もうだめだ……




葵はモテる。
とてつもなくモテる。
しかし彼女は困っている。
モテる相手が問題なのだ。
同性にモテる。ものすごく。
その容貌は性別に関係なく人目を集めるのだが、男に言い寄られる事はあまりない。
曰く、性格が鬼門なのだとか。
鑑賞するのにはうってつけであるが、近寄るのは御免だ。
騎士院の若い者共は皆口を揃えてそう言う。
彼女に同性愛の気がない事はよく知っているので、油断していた。
ライバルなど居ないとのんびりと構えていたのがいけなかったのだ。
その事を今この時に後悔する事になろうとは。
彼ら――アーク・ハリントンとリュート・ウィルソンは思わぬ伏兵の存在に全く気付いていなかったのである。



「おま、おま、お前……!!」
アークはあんぐりと口を開き、わなわなと指を指している。
リュートも似た様な表情で、ぼんやりとソレを眺めていた。
「何を見ている」
指を指された紅い髪をした男は、面倒臭げにたった一言そう呟いた。
場所は騎士院。
詳しく言えば葵の部屋。
更に言えば男はベットの上に座っており、その傍らには葵が無防備な格好でのんきに寝こけていた。
この状況で彼らがどんな考えに思い至ったのか、想像に難くはないだろう。
「……ていうか、貴方誰ですか」
リュートは相も変わらずぼんやりとしたままそう尋ねた。
……やや眼光は鋭い気もするが。
「そうだよ!!お前誰だ!!」
こちらはこちらで血気盛んである。
が、男はふん、と鼻を鳴らしただけで何も答えなかった。
「何とか言えよこの野郎!!」
「言葉を発せれば我に何か得があるのか」
「そういう問題じゃねえだろ!!お前葵に何かしたのか!?」
返答次第では使う事になるであろう腰の剣に手をやる。
「ちょ、ちょっとアーク!!落ち着きなよ!!」
「うるせぇ!!お前だって葵がこいつに何かされてたら許せるのか!?」
はた、とリュートの動きが止まる。
しばし考え、
「……無理、かな」
晴れやかな笑顔で言い放った。
「と、いう事で質問に答えろ!!」
が、またも男は答えず楽しそうに笑い、言った。
「何だ。
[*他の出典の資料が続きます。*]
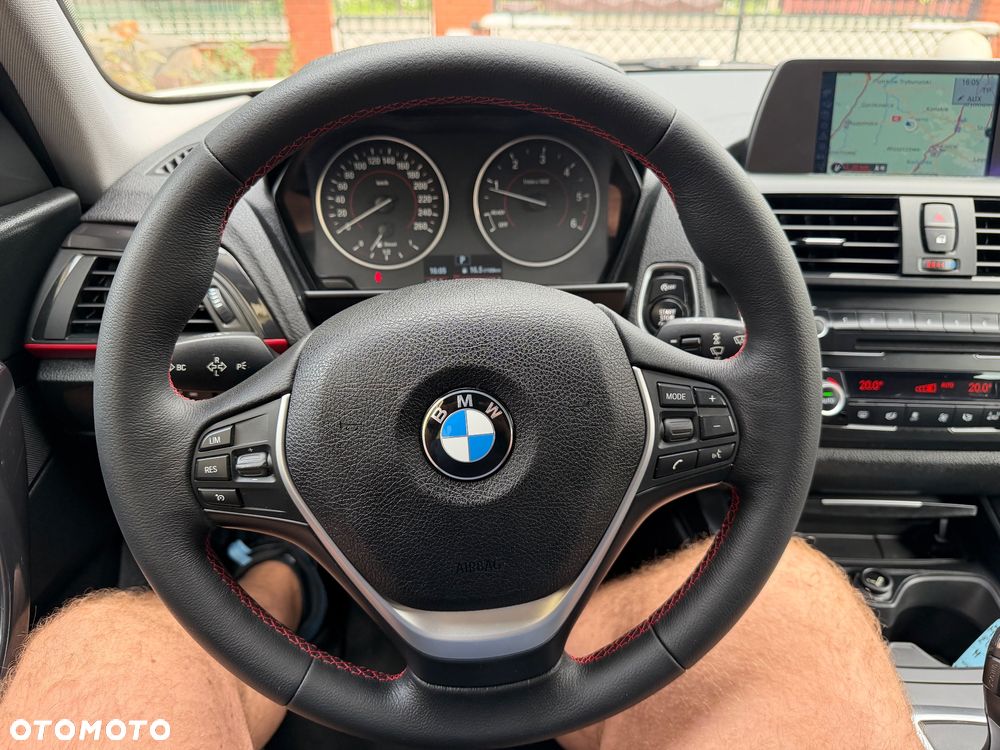 BMW Seria 1 120d Sport Line - 31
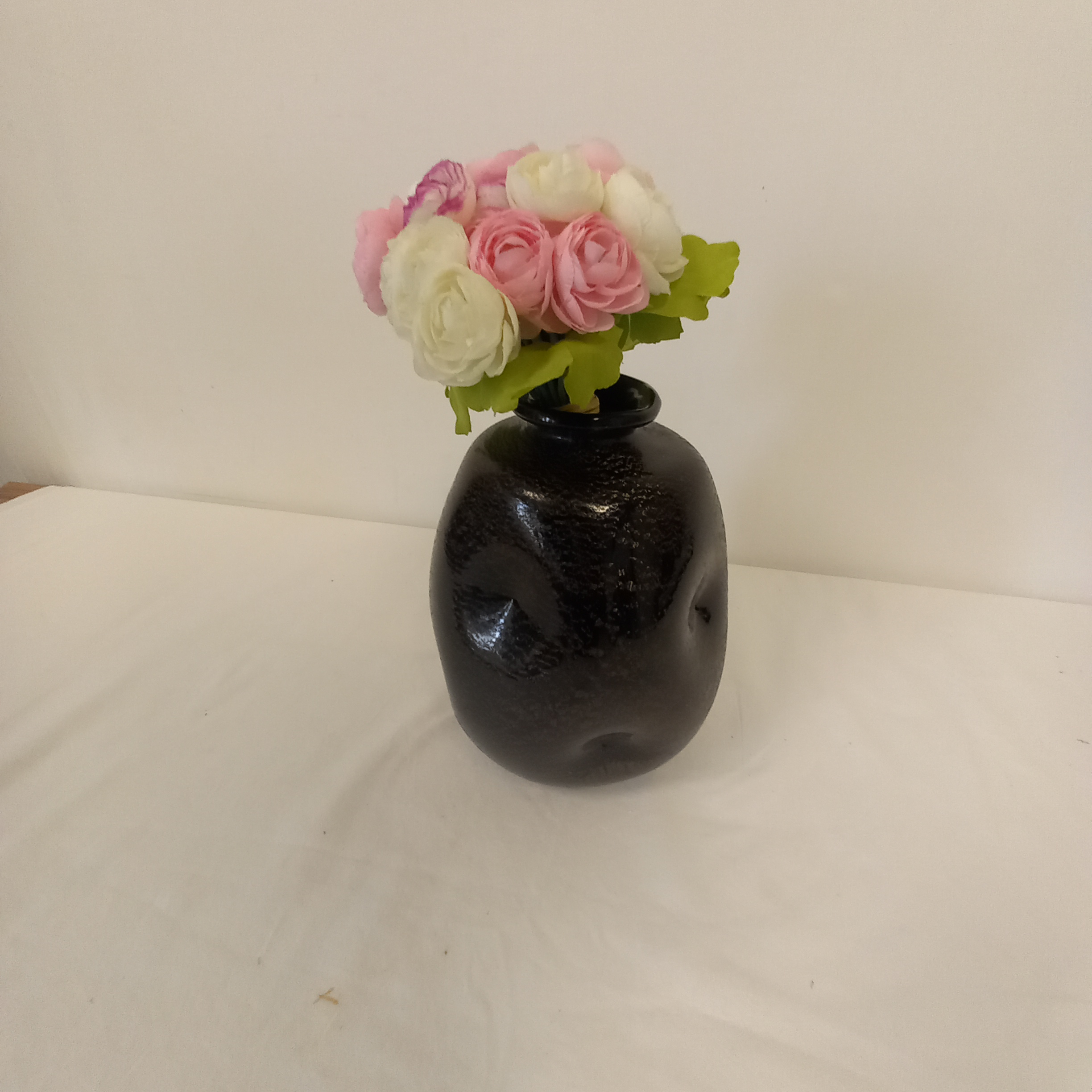 Voir photo 2 de vase en verre de murano noir et or ,verre soufflé à la bouche vase en verre de murano noir et or ,verre soufflé à la bouche Bon état reconditionné photo 2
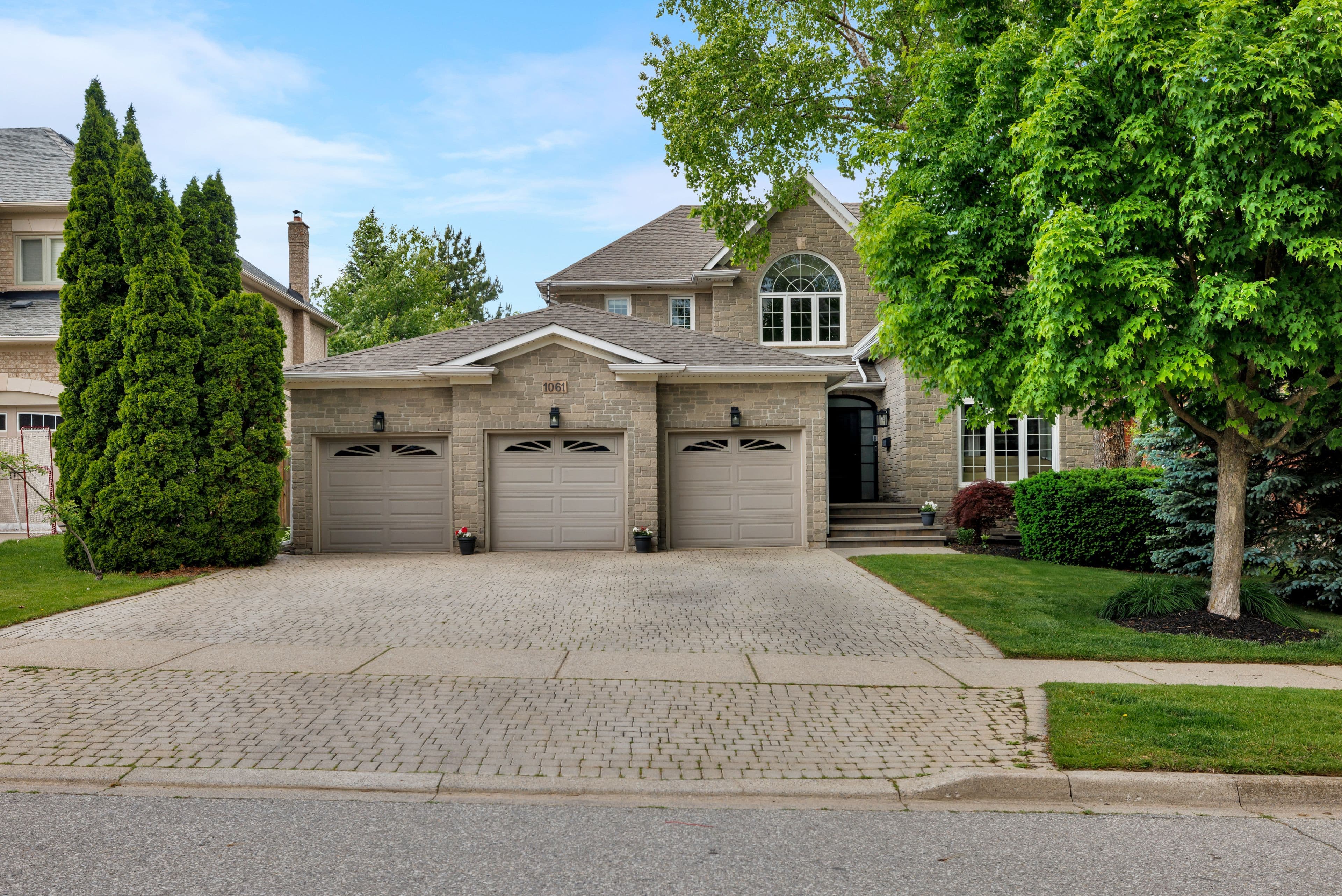 1061 Summit Ridge Drive, Oakville, ON L6M 3K9
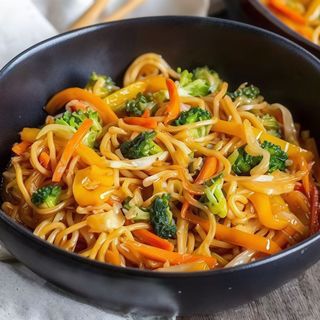 Yakisoba con Cerdo Desmechado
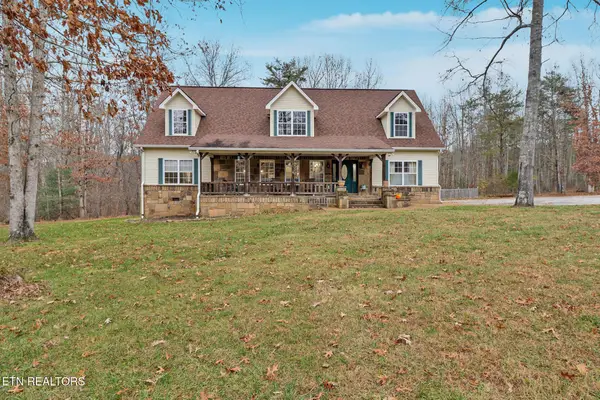 1035 Gray Eagle Drive, Crossville, TN 38572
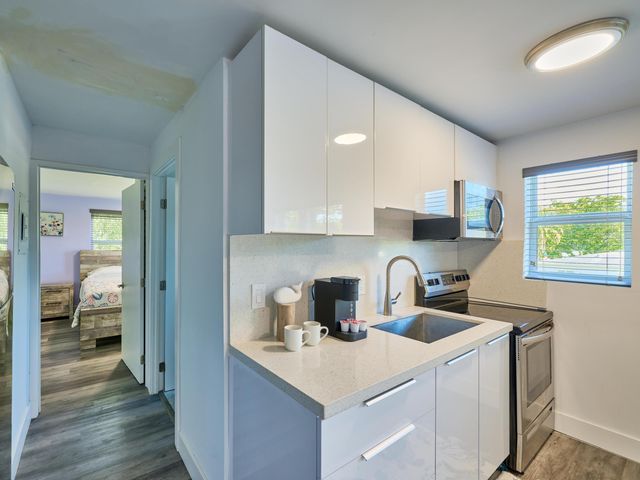 2020 Washington Street 5, Hollywood, FL 33020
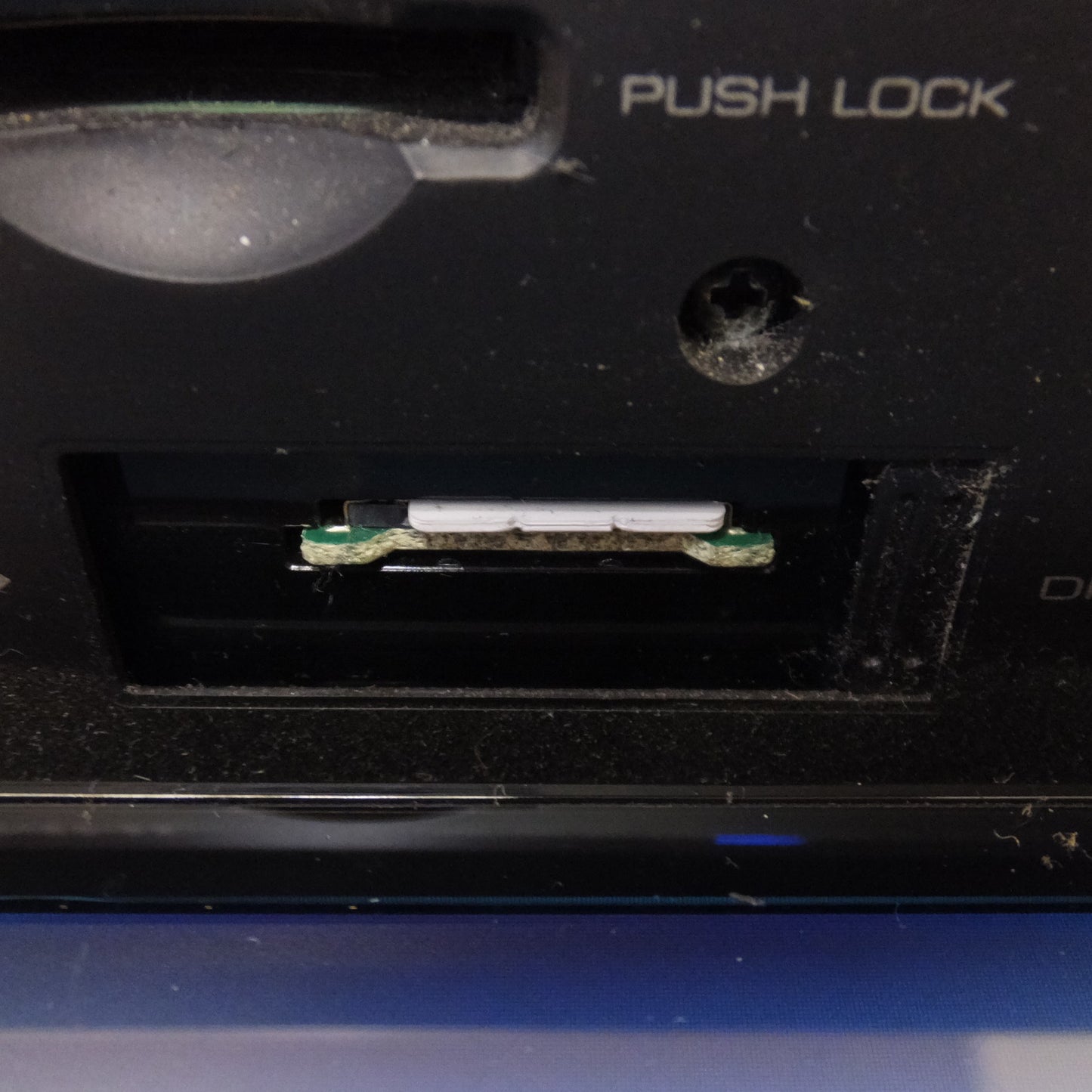 [送料無料] ★ケンウッド KENWOOD メモリーナビゲーション MDV-Z701W[19]★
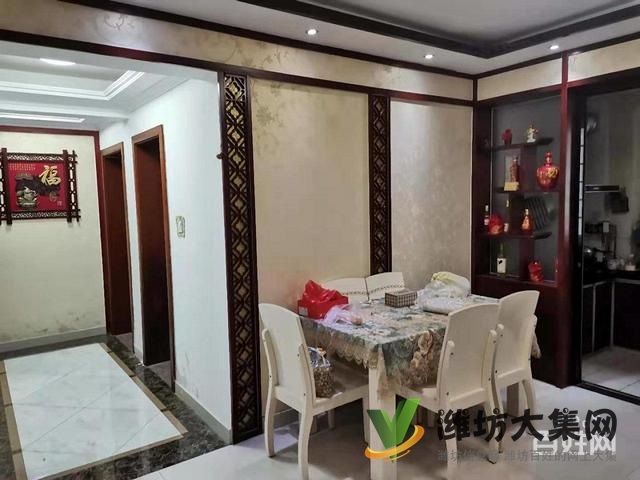 一樓帶院 145平魯豐錦繡花園 精裝 三室兩廳兩衛(wèi)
ぬしら葵の事が好きなのか。物好きな奴等だ」
ぐっ、と言葉に詰まる2人。
それは彼らに言ってはならない一言だった。
自分達の関係を壊さない為の。
「どうだっていいだろう!!」
「よくないな」
「何故ですか?」
にやりと口の端を上げ、男がその質問に答えようとしたその時、
「……やかましいぞ」
むっくりと葵が起き出していた。
「何じゃ何じゃ。人が寝ておる横でやかましい」
「あ、葵!!こいつ誰だよ!?」
「む?何故アークとリュートがここに居るのじゃ?」
「起こしに来たんだよ。それよりこいつ誰だ!!」
ふぁ、と欠伸をすると質問に答えた。
「紅丸じゃ」
「べにまるぅ?」
「誰、それ」
「ほれ、前に話したであろう?私が探しておった刀だ」
そんな事も聞いた気がする。
聞いた気もするが。
「……そいつ人間じゃん」
「人ではない。妖だ」
さっぱり分からない。
「探してたのは刀なんだよね」
「ああ」
「でもその人は人間だよね」
「だから妖だと言うに」
堂々巡り。
「……だからぁ!!何で刀が人なんだよ!!」
「こやつは刀であり妖なのだ」
「…………」
頭を抱えるアークに、どうしたものかと考え込むリュート。
と、
「頭の悪い奴等よのう」
紅丸が呆れた様に言い放つ。
「というか紅丸。何故お主がここに居る」
「急に暇になったから来た」
「お主が暇になるワケがなかろう!!大方勝手に抜け出してきたのだろう!?とっとと帰れ!迷惑を被るのはソロイ殿なのだぞ!!」
何故そこにソロイが出てくるのだろうか。
首を傾げるアークとリュートに葵が言った。
「お主らも出て行け。着替える」


「…………」
「…………」
「…………」
沈黙が降り立つ。
アークは紅丸を睨み付け、リュートは困った様に立ちすくみ、紅丸はそんな2人を意に介さぬ様子で腕を組みいつもの様に無表情でつっ立っていた。
「……そういえば、さっきは何を言おうとしてたんですか?」
その場を取り繕う様にリュートが尋ねる。
何も答えないだろうと予想していた。
そして予想通りの行動と、予想だにしなかった行動を一緒にした。
「へ?」
何も答えず、その場から駆け出したのだ。
「ちょ……っ!!待てよ!!」
追いかけた先には、
「げ!!!」
何故かソロイが居た。
「な、何でソロイ様がここに……」
ソロイは答えない。
「あの、ここに紅い髪をした男の人が来ませんでしたか?」
「来てないな」
首を傾げる。
確かにここに走っていったのに。
「お前達はまたサボっていたのか」
アークと一緒にされるのは心外だとリュートは思ったが、口には出さなかった。
「いや、そういうワケじゃないんですけど」
「すいません、すぐに戻りますから」
そう言うと、首を傾げながらその場を離れていった。


口元を歪める。
そこにソロイの姿は無く、居たのは紅丸だった。
おもしろいことになったと思う。
先ほどの答えを言った。
「我も葵の事が好きだからだ」
ただ彼らのそれとは違い、例えるなら娘や妹、そういう存在に向けられる思いに似ていたのだけれど。


果たして異界の姫を手に入れるのは、誰?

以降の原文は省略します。